■ **Exercise objective**
For the material below, the expected output is exactly the lines between the line holding "IXEG B737-300 ***" and the line holding "1720-1722, p. 607b", inclusive, with pictures left out.

■ **Exercise inputs**
-=-=-

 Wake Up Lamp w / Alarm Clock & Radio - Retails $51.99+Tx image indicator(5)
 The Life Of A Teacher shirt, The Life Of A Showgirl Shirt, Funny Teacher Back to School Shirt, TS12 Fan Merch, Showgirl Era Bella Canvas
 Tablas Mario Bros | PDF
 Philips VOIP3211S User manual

-=-=-

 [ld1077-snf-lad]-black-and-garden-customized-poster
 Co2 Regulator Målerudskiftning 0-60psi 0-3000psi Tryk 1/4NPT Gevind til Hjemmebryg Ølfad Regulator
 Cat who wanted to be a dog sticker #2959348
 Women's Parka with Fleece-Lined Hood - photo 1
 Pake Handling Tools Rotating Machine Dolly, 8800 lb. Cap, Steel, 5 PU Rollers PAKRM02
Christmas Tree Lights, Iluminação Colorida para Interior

-=-=-

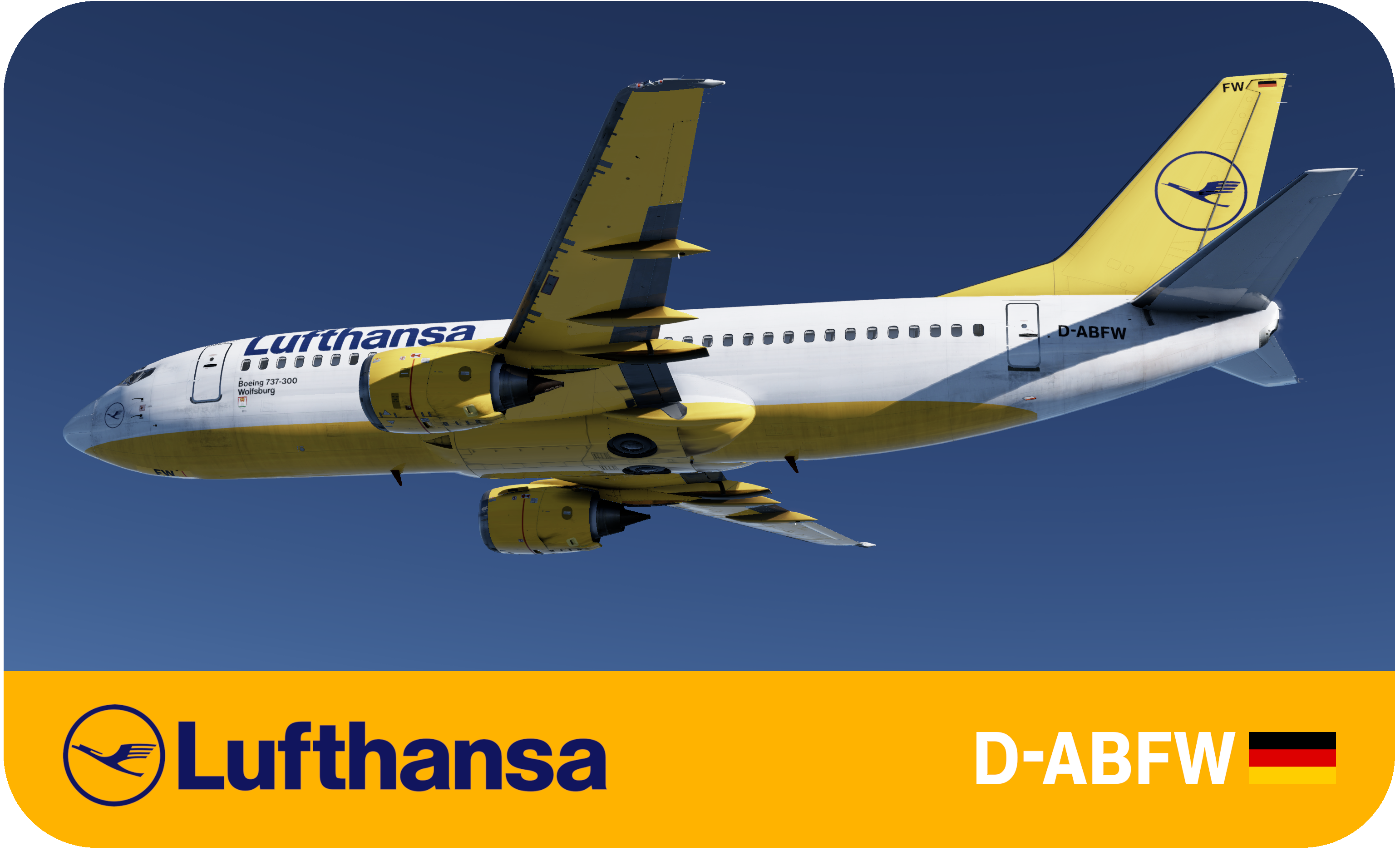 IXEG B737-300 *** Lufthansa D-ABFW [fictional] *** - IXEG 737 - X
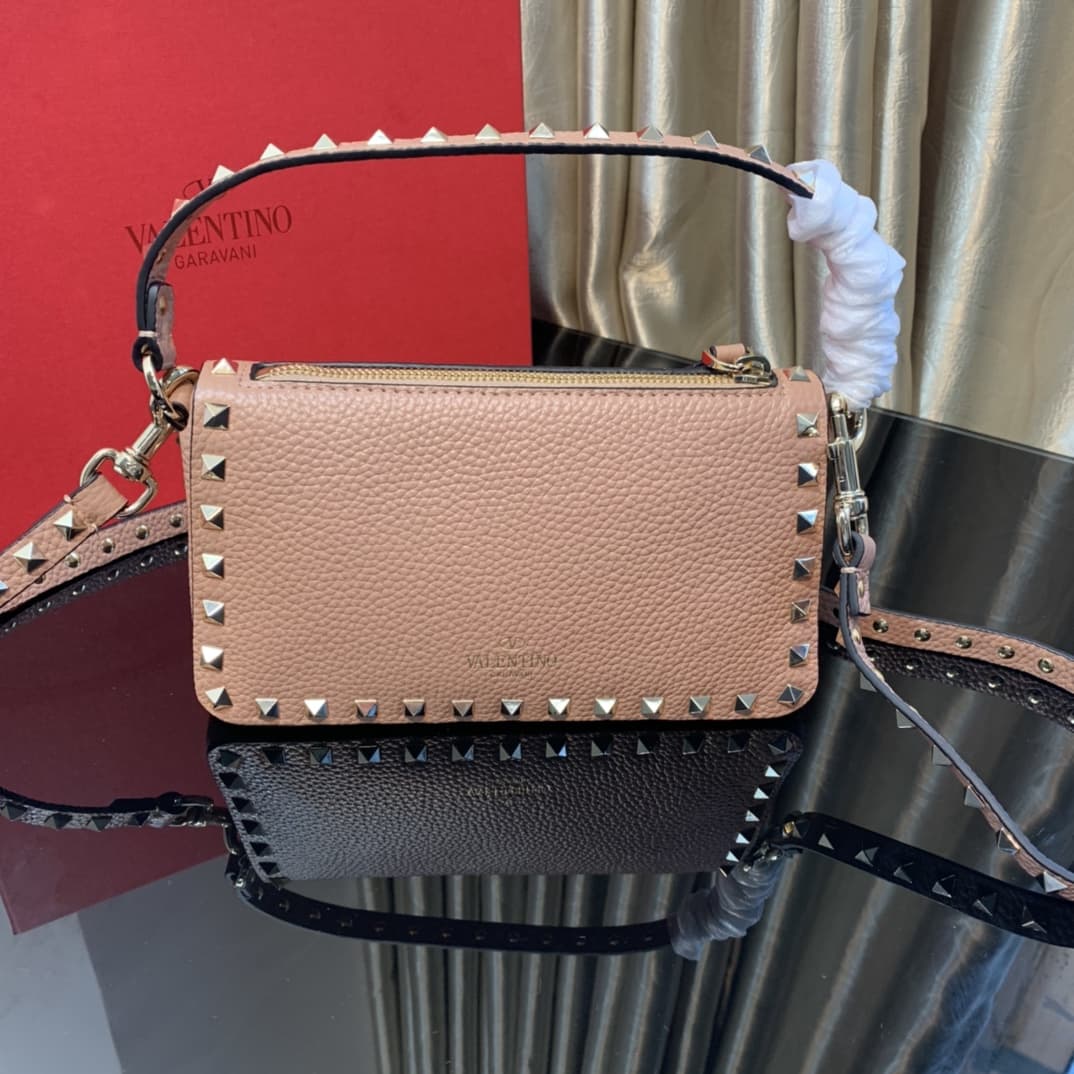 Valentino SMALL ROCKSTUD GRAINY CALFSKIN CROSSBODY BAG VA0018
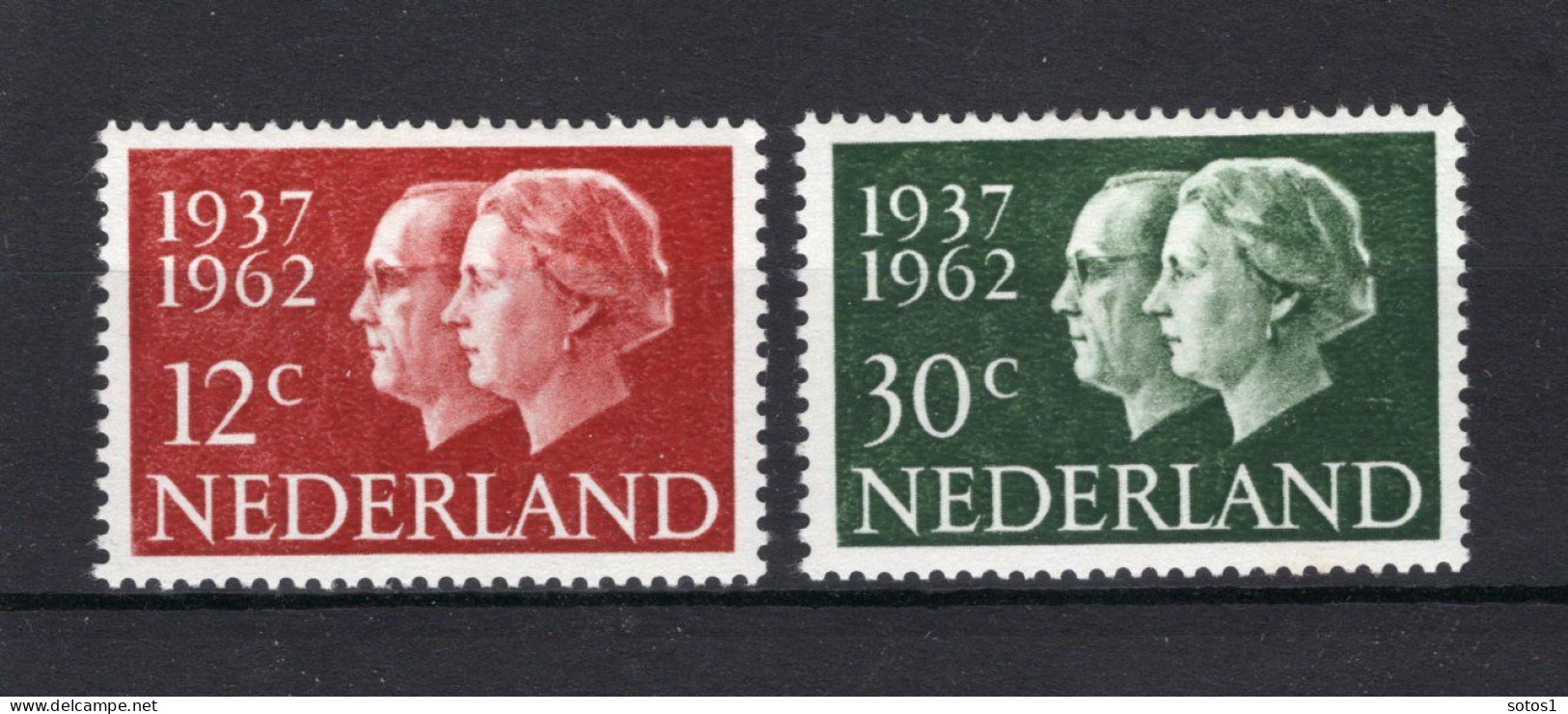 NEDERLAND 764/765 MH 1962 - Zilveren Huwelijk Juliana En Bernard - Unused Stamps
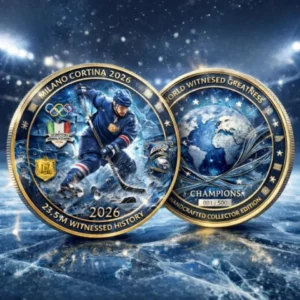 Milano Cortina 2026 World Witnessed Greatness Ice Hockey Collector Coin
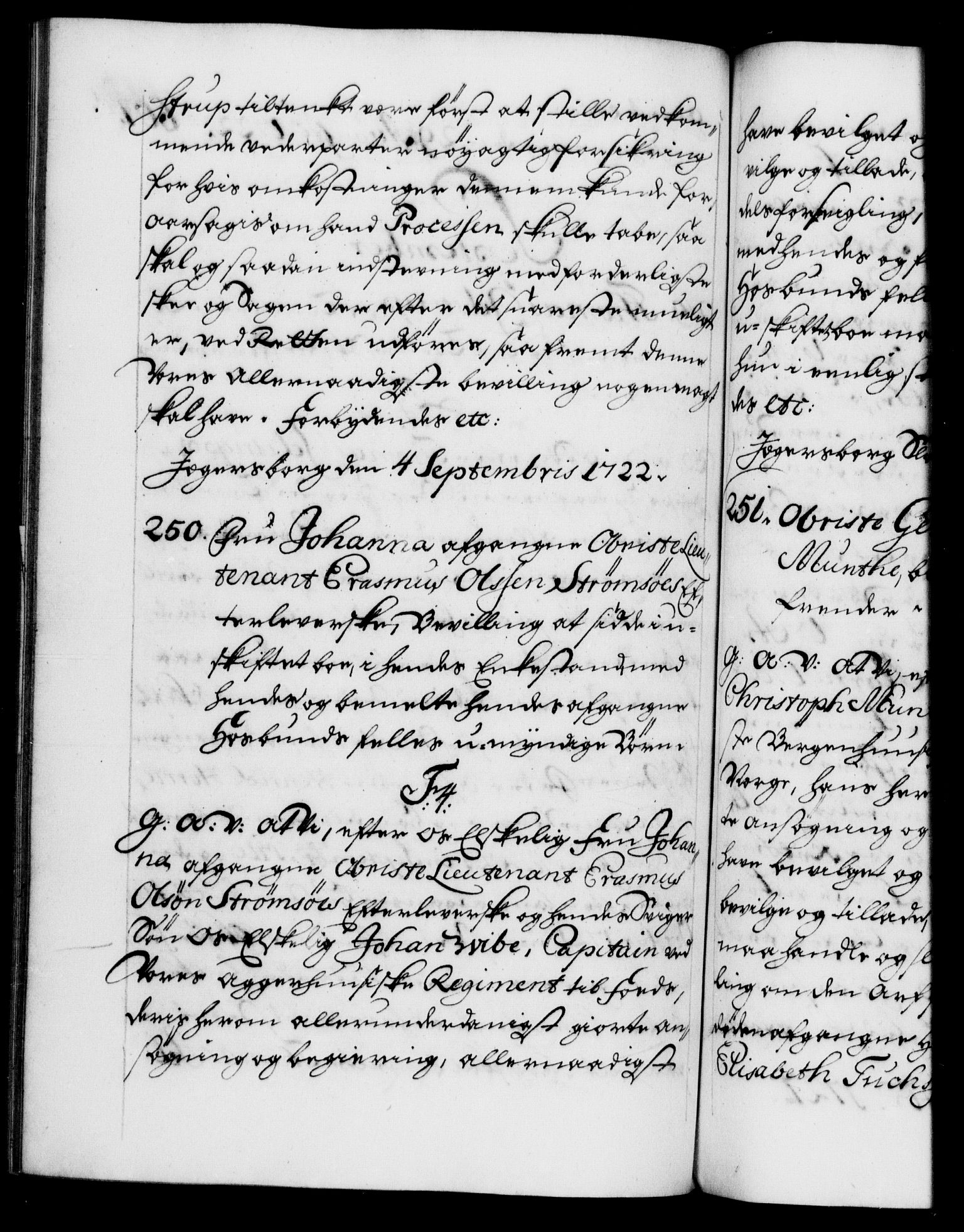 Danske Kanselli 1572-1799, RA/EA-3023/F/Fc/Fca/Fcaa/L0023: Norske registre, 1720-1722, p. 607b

-=-=-

■ **Solution to this exercise**
 IXEG B737-300 *** Lufthansa D-ABFW [fictional] *** - IXEG 737 - X
 Valentino SMALL ROCKSTUD GRAINY CALFSKIN CROSSBODY BAG VA0018
 NEDERLAND 764/765 MH 1962 - Zilveren Huwelijk Juliana En Bernard - Unused Stamps
 Milano Cortina 2026 World Witnessed Greatness Ice Hockey Collector Coin
 Danske Kanselli 1572-1799, RA/EA-3023/F/Fc/Fca/Fcaa/L0023: Norske registre, 1720-1722, p. 607b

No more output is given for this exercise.